[Captioned web images]
━━━━━━

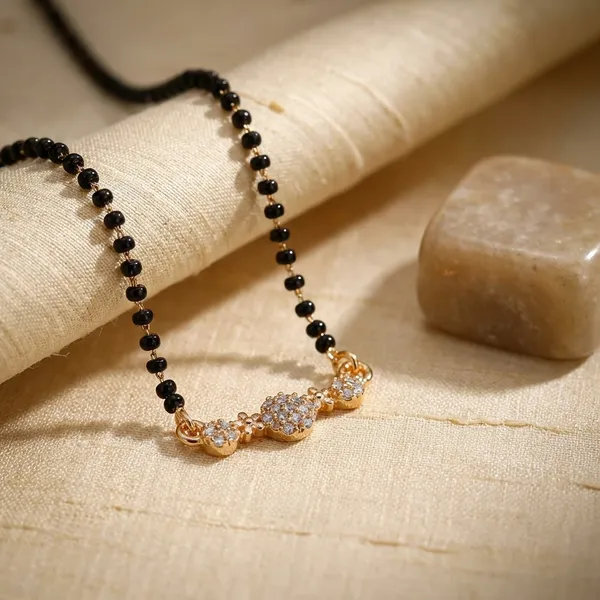 Black_Beaded_Mangalsutra_With_Rose_Gold_Cz_Pendant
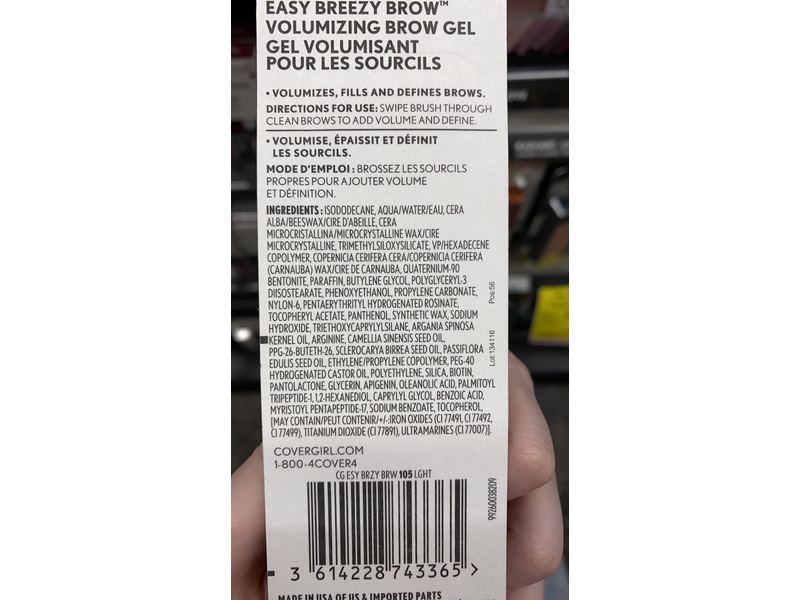 CoverGirl Easy Breezy Volumizing Brow Gel, Light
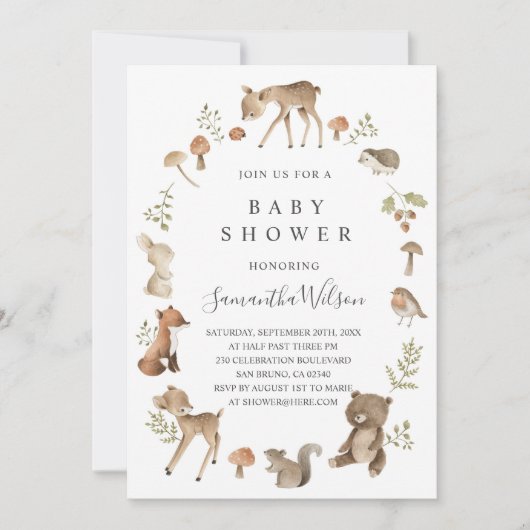 Woodland Animals Spring Baby shower Invitation Kaart (Voorkant)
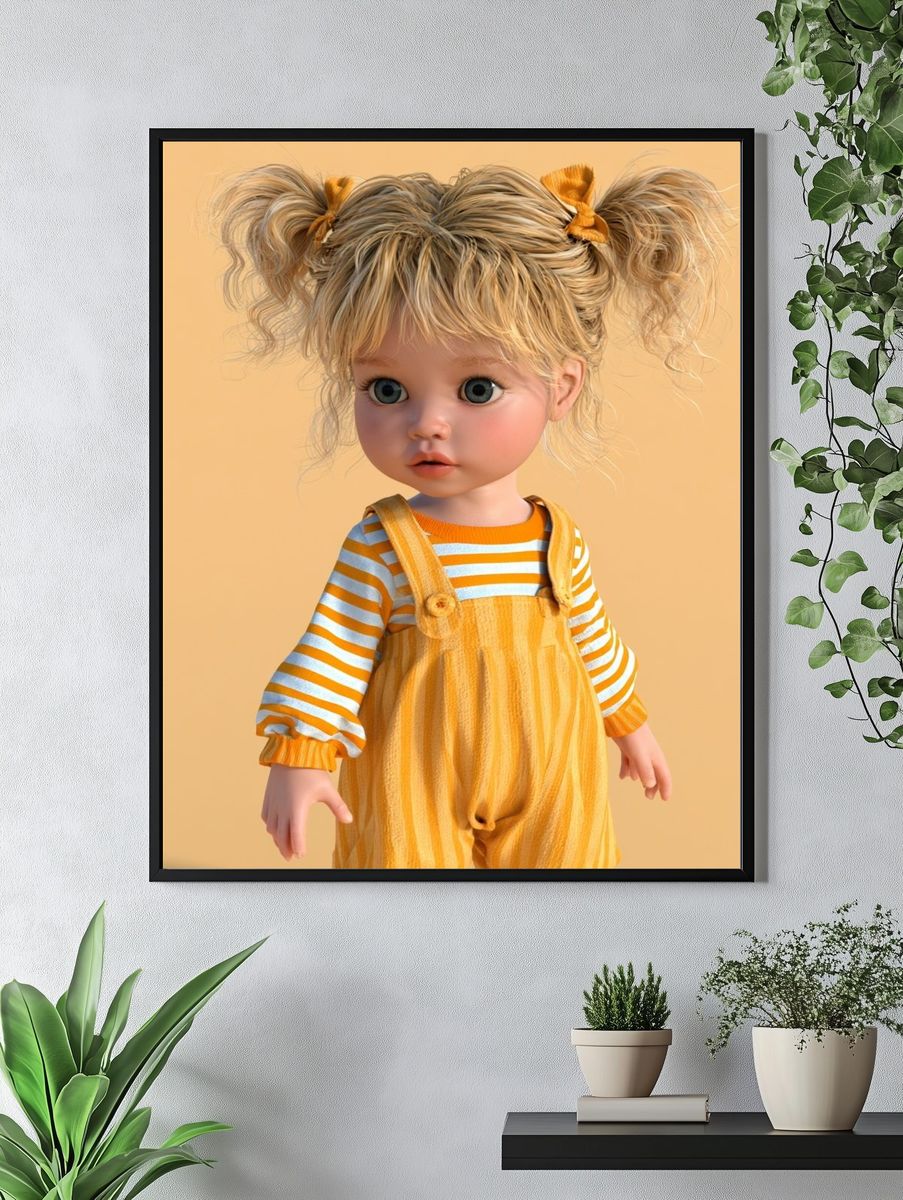 Blonde Doll Portrait Print. — room view 4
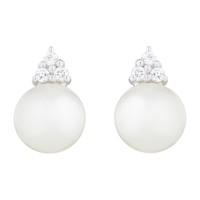 9ct white gold white freshwater cultured pearl and diamond stud earrings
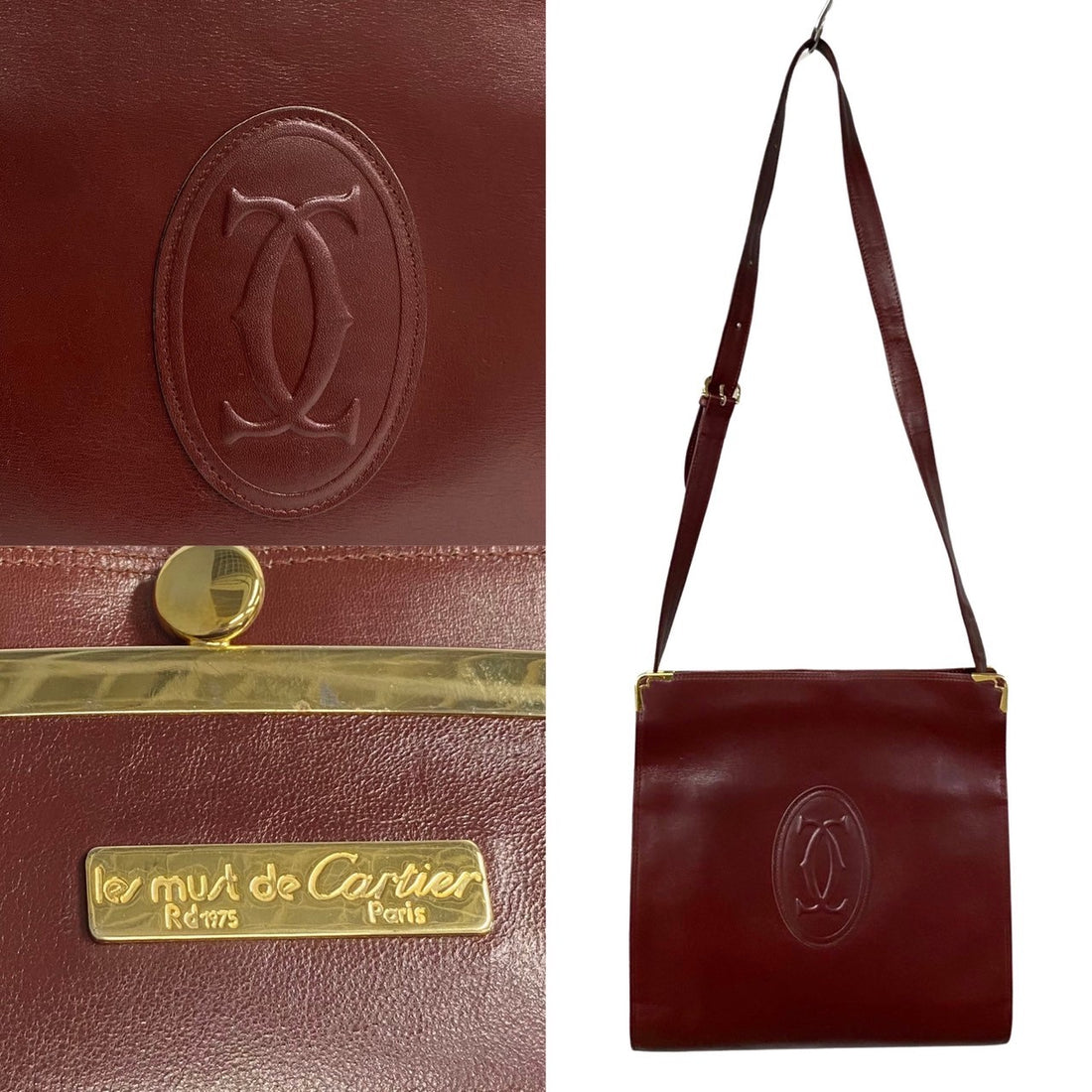 Cartier Cartier Shoulder Bag Must Leather Bordeaux Leather Shoulder Bag T16550 in Very Good Condition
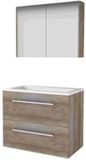 Basic Line Comfort 46 Badkamermeubelset - 80 x 46 cm - Met Grepen - 2 Lades - Acryl Wastafel - Zonder Kraangat - Spiegelkast - Scotch Oak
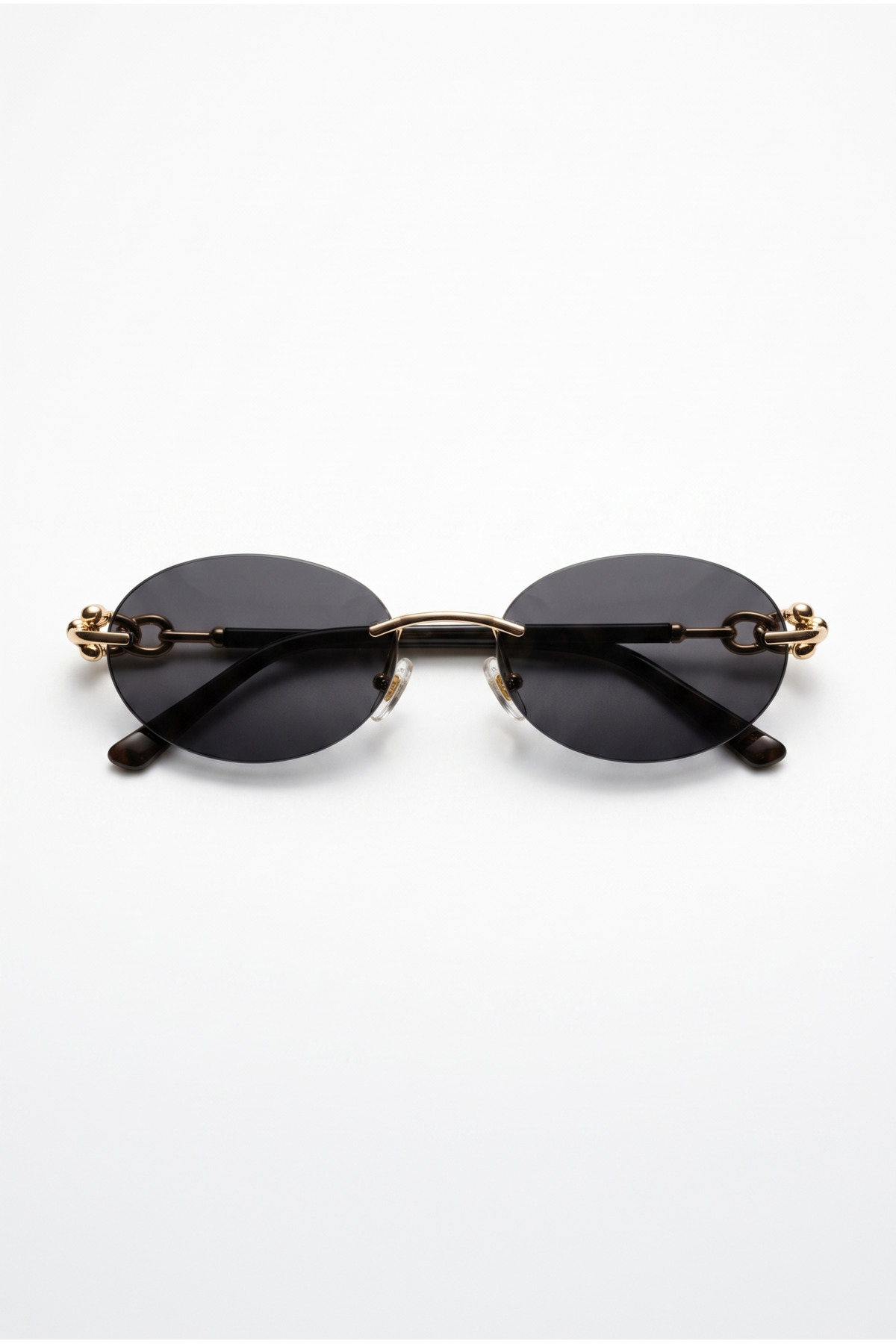 Houseofeyeris ELVA RIMLESS Oval Güneş Gözlüğü, UV400 Korumalı, Gold Metal Detaylı, Hafif Şık Kadın Stili görsel 3
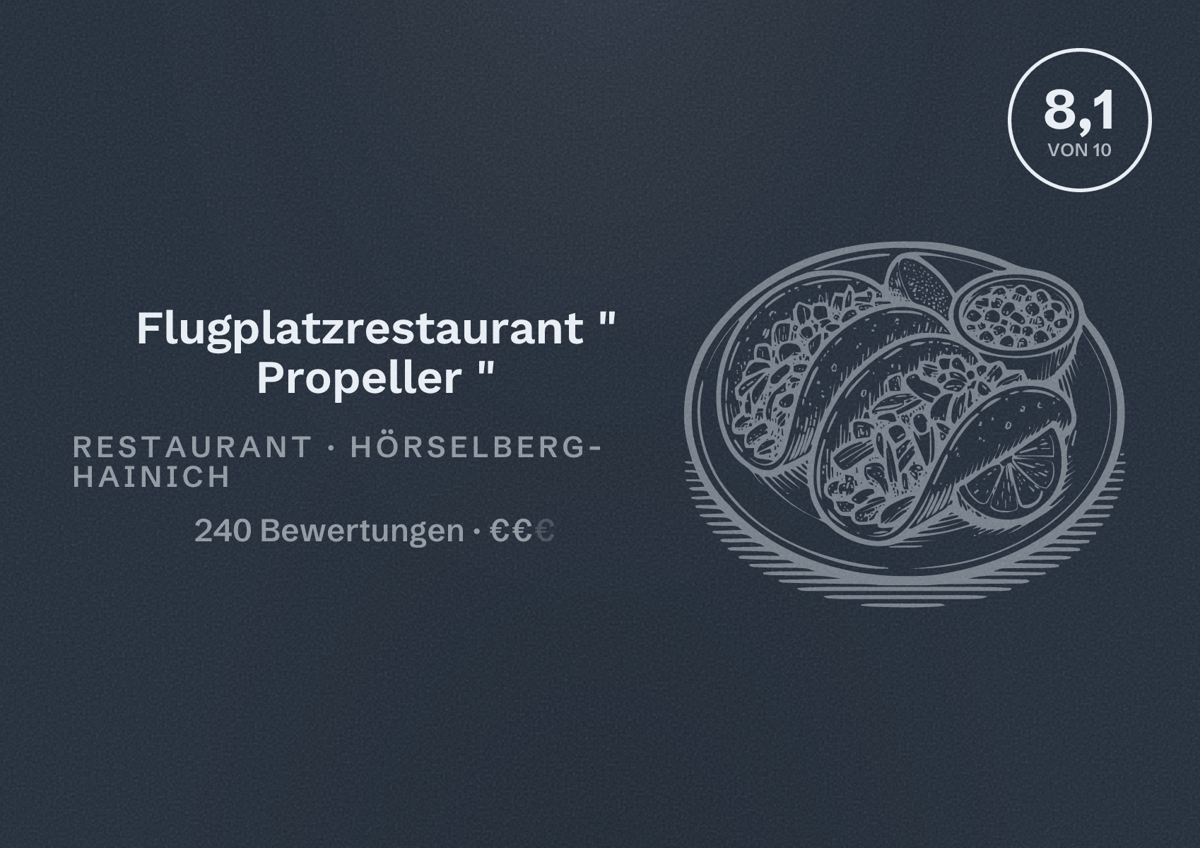 Illustriertes Poster von Flugplatzrestaurant " Propeller ", Restaurant in Hörselberg-Hainich: Bewertung 8,1 von 10 aus 240 Bewertungen, Preisniveau €€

━━━━━━

> _Problem description_
Your reply should give again exactly the lines from the one with "CoverGirl Easy Breezy" through the last line of the data, with both ends included and pictures left out.

> _Output for this exercise_
 CoverGirl Easy Breezy Volumizing Brow Gel, Light
 Woodland Animals Spring Baby shower Invitation Kaart (Voorkant)
 Blonde Doll Portrait Print. — room view 4
 9ct white gold white freshwater cultured pearl and diamond stud earrings
 Cartier Cartier Shoulder Bag Must Leather Bordeaux Leather Shoulder Bag T16550 in Very Good Condition
 Basic Line Comfort 46 Badkamermeubelset - 80 x 46 cm - Met Grepen - 2 Lades - Acryl Wastafel - Zonder Kraangat - Spiegelkast - Scotch Oak
 Houseofeyeris ELVA RIMLESS Oval Güneş Gözlüğü, UV400 Korumalı, Gold Metal Detaylı, Hafif Şık Kadın Stili görsel 3
 Illustriertes Poster von Flugplatzrestaurant " Propeller ", Restaurant in Hörselberg-Hainich: Bewertung 8,1 von 10 aus 240 Bewertungen, Preisniveau €€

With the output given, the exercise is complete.